The East-West rivalry in rap music would extend far beyond origin stories, with various figures butting heads in the larger hip-hop movement during the 1980s and ’90s, most famously with the violent exchanges between Los Angeles’s Death Row Records under Marion “Suge” Knight and New York’s Bad Boy Records, led by the Catholic-raised Sean “Puff Daddy” Combs (now known as Diddy). The clashes culminated in the death of two of the genre’s biggest stars, 25-year-old Tupac Shakur in 1996 and 24-year-old The Notorious B.I.G. the next year, both of whom had feuded personally for months prior. Like DJ Herc, Biggie—born Christopher Wallace—had Jamaican roots and was educated in Catholic schools in Brooklyn, where he reportedly received the sacraments as a child. 

In more recent decades, the influence of Black Catholics has been notably muted, partially because of superstar artists’ reticence to wade into religious matters that could draw unwanted attention and also because of the general trend toward secularism, even in the notable religious African American demographic. Even so, notable names in the pop music world include Beyoncé, whose reign atop the charts continues unabated, and whose background includes a partially Catholic upbringing in Houston, where her mother’s Creole family migrated from South Louisiana. Frank Ocean, whose two studio albums (Channel Orange and Blonde) have pushed boundaries in modern music and seen commercial success, was also Catholic for a time in his youth. 

Representing New York in the late stages of the 20th century was the young singer Aaliyah, who during a 12-year career—most of it during her teenage years—managed to top the Billboard charts multiple times. This included her 2000 hit “Try Again,” the first-ever song to top the singles chart on airplay alone. She died tragically in a plane crash at the age of 22 and was funeralized at Manhattan’s Church of St. Ignatius, having been a Catholic all her life. 

Master P and Lil’ Wayne, two of the biggest modern rappers to come out of New Orleans, have also been open about their Catholic faith, with the former famously ponying up half a million dollars in the late 1990s to save a trio of Black parishes and parochial schools in his hometown, including his alma mater and childhood church. Wayne has said in recent years that, during a prison sentence, he considered becoming a Christian rapper. 

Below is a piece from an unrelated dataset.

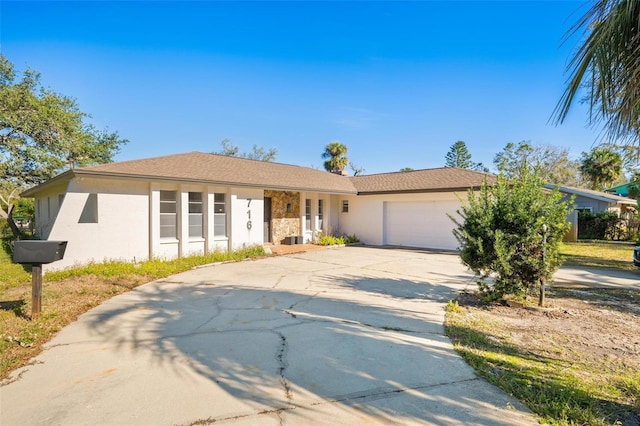 ranch-style home with a garage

The could-haves of Catholics in modern Black music are ongoing, and the great exodus of Black Catholics from the faith in the 1970s onward has been of no help to the vision. Recent studies show that barely more than half of African Americans raised Catholic remain in the church as adults, and this is by all means reflected in the current landscape of Black artists in popular music. Even so, when one peruses the history of the genre and phenomenon, the Black Catholic influence is, quite simply, off the charts. 

 

 

NATE TINNER-WILLIAMS is cofounder and editor of Black Catholic Messenger, a nonprofit digital media publication covering stories of interest to African American Catholics. He is a seminarian with the Society of St Joseph of the Sacred Heart, also known as the Josephites. He currently resides in Washington, DC.